Arquivo Serial: Bates Motel






































Trazer a história de um dos maiores filmes de todos os tempos para uma série não é tarefa fácil, porém, com a mistura de muito suspense e ótimas atuações, Bates Motel conseguiu não apenas atrair os fãs da original história dos anos 60, mas também fez uma legião de novos adoradores da família Bates.

A boys best friend is his mother.


O seriado conta a história de Norma Bates que, depois da trágica morte de seu marido, compra um motel na beira da estrada de uma pequena cidade do interior e decide recomeçar a vida junto com seu filho, Norman Bates. Ali, em White Pine Bay foi onde o assassino em série de Psicose (1960, dirigido por Alfred Hitchcock), cresce e se torna um dos mais adorados criminosos do cinema.

Bates Motel começa estremecendo os mais céticos do cinema. A primeira temporada vem com suspenses de tirar o fôlego e revelações que te fazem passar horas e horas a fim de esfaquear a curiosidade. A atuação de Freddie Highmore (A Fantástica Fábrica de Chocolates) como Norman Bates e Vera Farmiga (Invocação do Mal) como Sra. Bates são um show a parte. É possível ver características marcantes que remetem diretamente ao filme dirigido por Hitchcock.

Why do crazy people keeps gravitating towards me


Destaque para o sensacional cenário, que está muito parecido com o original. Em cenas durante a noite, ou mesmo quando uma tomada mostra o motel com a casa de fundo, a fotografia usa uma paleta de sombras que te carrega para o original em preto e branco.

Porém, depois da primeira temporada, o seriado passa por um momento onde o roteiro e a montagem não conseguem dar uma sequência lógica. Personagens são introduzidos de qualquer maneira e passam a ter importante participação sem nenhuma menção anterior. Os diretores conseguem amarrar todas as pontas do plot, mas a impressão é que surgem problemas sem sentido que não fazem diferença além de estender a produção.

No one's ever going to help us, Norman. No one's ever helped us.


Mesmo assim é difícil de deixar de assistir e ver o progresso dos protagonistas, cada um com sua mentalidade doentia. O elenco carrega uma carga dramática e ao mesmo tempo cativante. Cada um com seu incompreensivo passado e segredos que são revelados com o passar dos episódios.

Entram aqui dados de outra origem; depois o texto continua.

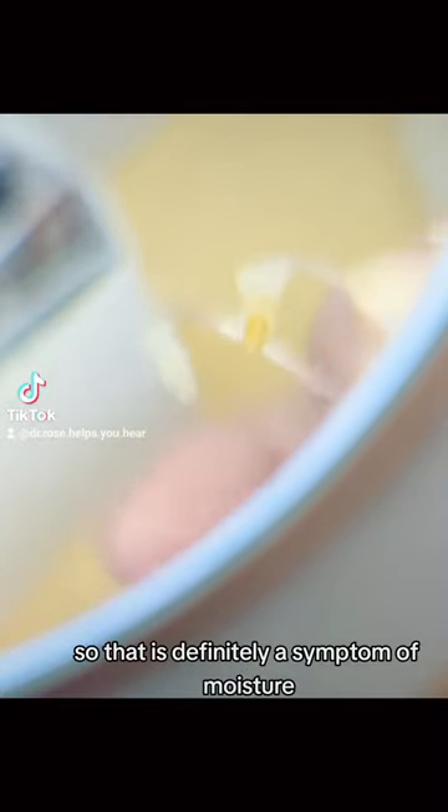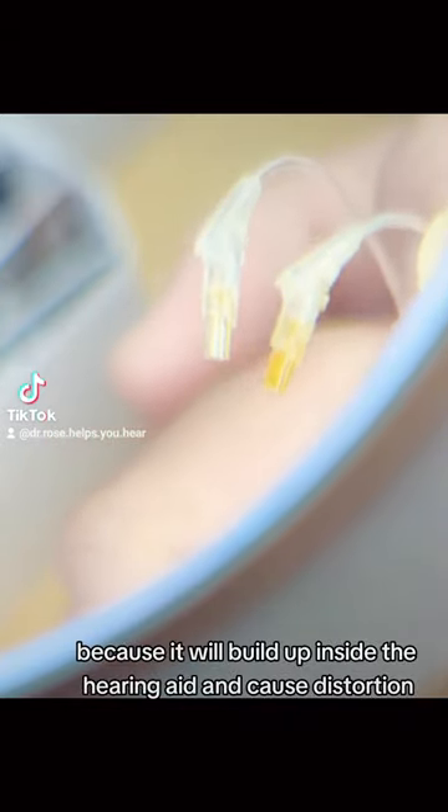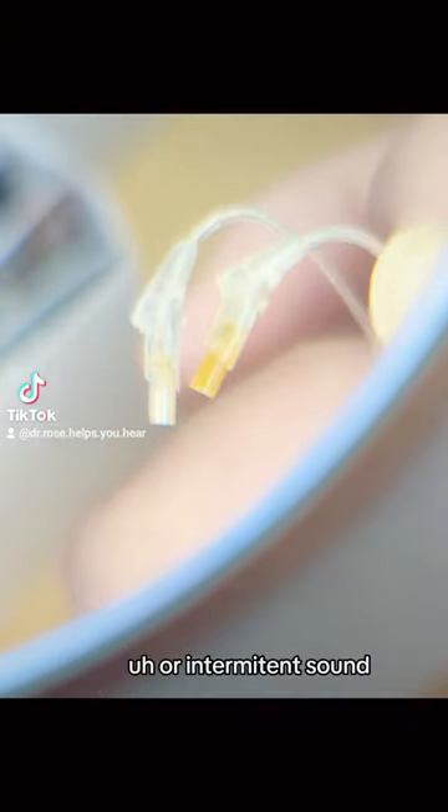So that is definitely a symptom of moisture, and we want to take care of that because it will build up inside the hearing aid and cause distortion or intermittent sound.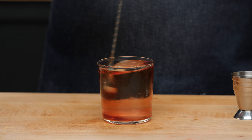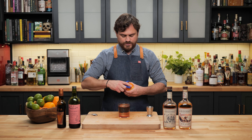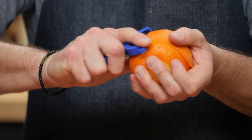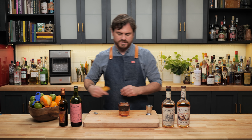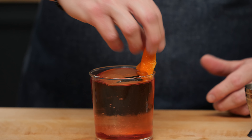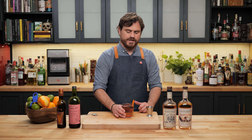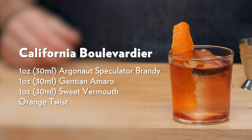Pull off a nice orange peel and stick it in there. Let's give it a taste. That brandy blends so well with the Gentian Amaro and the sweet vermouth — they all play into each other really well. You still get a little bit of that oak and then you have that gentian on the finish. It's really, really nice. So there it is, the California Boulevardier.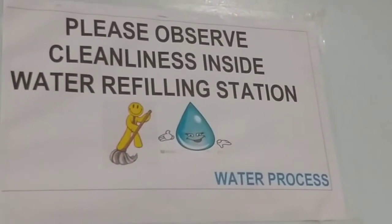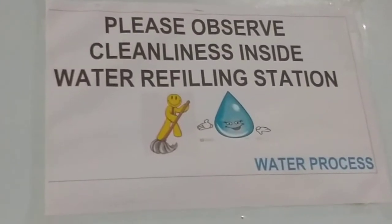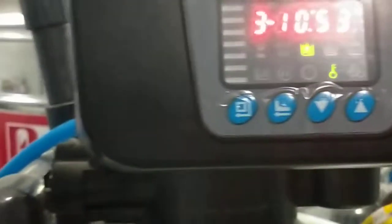Hi guys, welcome to Water Classes and Engineering Classes. Today is July 10, 2020. Welcome to our water station. What we're going to do right now is show you the actual backwashing of the machine. Our machine has some manual components: the carbon black, the carbon FRP, and the carbon are manual, and the softener is automatic.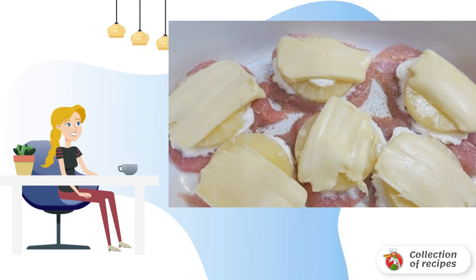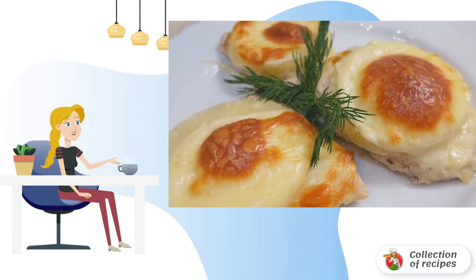Bake the dish in the oven until fully cooked — a beautiful golden color. The oven temperature is 200 degrees. Bon appétit!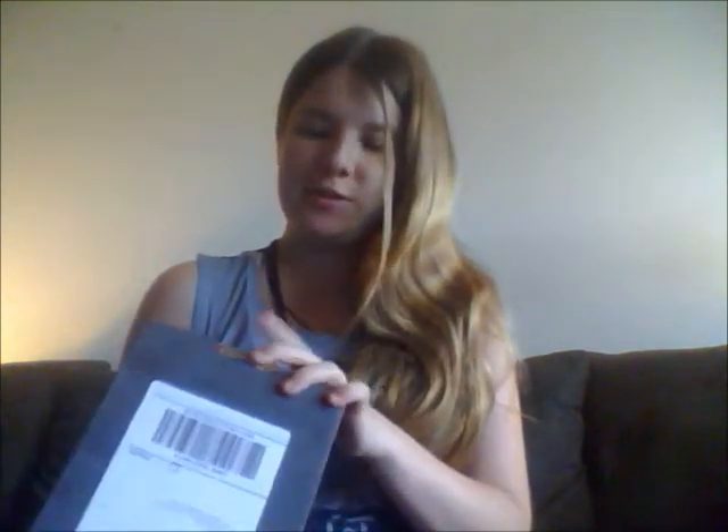Hi everyone! Today I have a special thing and I'm going to show you what is a Loot Crate. Loot Crate is a special website where every month you pay a little subscription and they send you a box of gamer goodies. Every month kind of has a theme, and like this month is Equipped. Now this is not my first Loot Crate, it's my second. I didn't record my first one but this time I'm going to, and I'm excited, so let's get into it.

Entre altos e baixos, a série entrega um ótimo nível de entretenimento e mistério. Ver a evolução de Norman Bates é uma experiência e tanto, não só para os antigos fãs, mas para os jovens que não têm qualquer ligação emocional com Psicose. Inclusive, atrair novos olhares foi o que fez a série escolher os dias atuais para evolução e não a década de 60. Um grande erro na opinião dos radicais fãs, que não conseguem assimilar a história de um vilão antigo contada na atualidade.

Norman, you know what you have to do.

Bates Motel está em sua quarta temporada com contrato assinado para a quinta em 2017, e há boatos de que poderá ser a última fase do seriado. Confira o trailer de Bates Motel e não espere um dia comum em White Pine Bay.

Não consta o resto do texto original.